Переправу обнаружили не сразу, а наш расчет — лишь тогда, когда плот ткнулся в берег. Миша Сивых, казах Нерушев и я забросали гранатами немецкую траншею и стали готовиться к отражению контратаки. Где-то рядом вели бой в составе другого расчета мой земляк Михаил Яковлевич Петрашов и друг — связист Никитин. Им не суждено было дожить до победы. Михаил в том бою был тяжело ранен и скончался в госпитале. Никитин подорвался на мине.

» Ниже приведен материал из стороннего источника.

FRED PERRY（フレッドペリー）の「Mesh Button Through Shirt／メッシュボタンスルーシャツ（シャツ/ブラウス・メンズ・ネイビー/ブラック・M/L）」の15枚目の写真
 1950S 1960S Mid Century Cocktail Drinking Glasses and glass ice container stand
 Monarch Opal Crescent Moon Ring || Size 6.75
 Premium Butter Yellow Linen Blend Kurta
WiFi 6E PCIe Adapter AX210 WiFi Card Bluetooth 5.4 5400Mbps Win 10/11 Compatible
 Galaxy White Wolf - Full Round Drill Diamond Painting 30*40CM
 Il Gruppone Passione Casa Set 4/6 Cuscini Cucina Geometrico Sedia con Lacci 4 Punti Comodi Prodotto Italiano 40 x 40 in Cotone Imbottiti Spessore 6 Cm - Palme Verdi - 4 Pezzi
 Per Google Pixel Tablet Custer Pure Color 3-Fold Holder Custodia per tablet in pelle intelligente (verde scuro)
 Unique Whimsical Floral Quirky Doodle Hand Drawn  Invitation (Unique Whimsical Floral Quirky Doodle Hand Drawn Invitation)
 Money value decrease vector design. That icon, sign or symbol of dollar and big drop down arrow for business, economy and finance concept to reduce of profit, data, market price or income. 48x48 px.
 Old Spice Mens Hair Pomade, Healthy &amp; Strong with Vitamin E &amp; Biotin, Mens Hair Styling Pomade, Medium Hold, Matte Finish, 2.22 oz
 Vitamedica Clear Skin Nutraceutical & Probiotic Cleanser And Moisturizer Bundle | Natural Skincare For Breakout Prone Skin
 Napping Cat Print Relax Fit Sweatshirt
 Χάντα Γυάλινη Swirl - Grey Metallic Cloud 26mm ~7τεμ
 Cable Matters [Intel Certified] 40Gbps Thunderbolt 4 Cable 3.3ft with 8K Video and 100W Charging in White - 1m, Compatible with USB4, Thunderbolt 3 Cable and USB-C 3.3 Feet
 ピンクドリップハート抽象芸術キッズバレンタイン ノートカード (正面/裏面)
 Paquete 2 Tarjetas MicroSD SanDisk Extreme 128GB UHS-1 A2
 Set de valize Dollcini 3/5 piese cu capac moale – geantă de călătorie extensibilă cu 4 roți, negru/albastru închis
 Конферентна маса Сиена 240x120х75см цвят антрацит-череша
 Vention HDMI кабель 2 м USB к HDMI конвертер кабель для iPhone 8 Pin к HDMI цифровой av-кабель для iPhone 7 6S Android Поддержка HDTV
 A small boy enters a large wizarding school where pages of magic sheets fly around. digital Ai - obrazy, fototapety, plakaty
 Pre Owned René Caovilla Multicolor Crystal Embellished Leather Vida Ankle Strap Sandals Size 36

А бой за Днепр после высадки только начинался. Предприняв ночью несколько яростных, но безуспешных контратак, фашисты утром в громкоговорители орали, что сейчас они устроят нам «завтрак», запивать его придется днепровской водой. Предлагали сдаться.

Над Днепром постоянно висели вражеские самолеты, не давая переправиться на захваченный плацдарм основным нашим силам. Сколько в тот день мы отразили атак — сбились со счета. Перед траншеей валялись трупы фашистов, в траншее — трупы моих товарищей. К вечеру мы остались вдвоем с Нерушевым, который был ранен, но вел огонь из автомата. И тут на нас пошли три танка. Один из них — «тигр». Как я расправился с ними, помню смутно. Действовал словно во сне. Так же плохо помню атаку немецкой пехоты, которая последовала сразу после того, как танки были остановлены.

Наступила ночь. Из всех переправившихся нас осталось 18 человек. Собрались мы в одном месте, перевязали друг другу раны и стали готовиться к новым боям: подносить боеприпасы, распределять позиции. А тем временем, пользуясь тем, что «пятачок» — наш, к нам переправилось подкрепление.

На следующий день немцы, атакуя в лоб, пытались справа и слева по берегу зайти к нам в тыл. Чтоб не допустить этого, часть наших сил вынуждена была отступить к самому Днепру. И в этот день мы выстояли.

Последующие бои, когда уже много наших переправились на отбитый плацдарм, тоже были тяжелыми: уж очень сильно укрепились немцы, и очень много их было…»

Минные поля, доты и дзоты, ряды траншей и рвов, обнесенных колючей проволокой, — все эти укрепления на левом, высоком, берегу внушили гитлеровцам веру в неприступность обороны на Днепре. Здесь они собирались отсидеться, считая, что атаки будут разбиваться, как волны об утес. А потом, когда советские войска измотаются, понесут большие потери, фашисты рассчитывали вновь пойти по нашей стране победным валом.

Но огненный вал катился в другую сторону — с востока на запад, — и повернуть его было уже невозможно.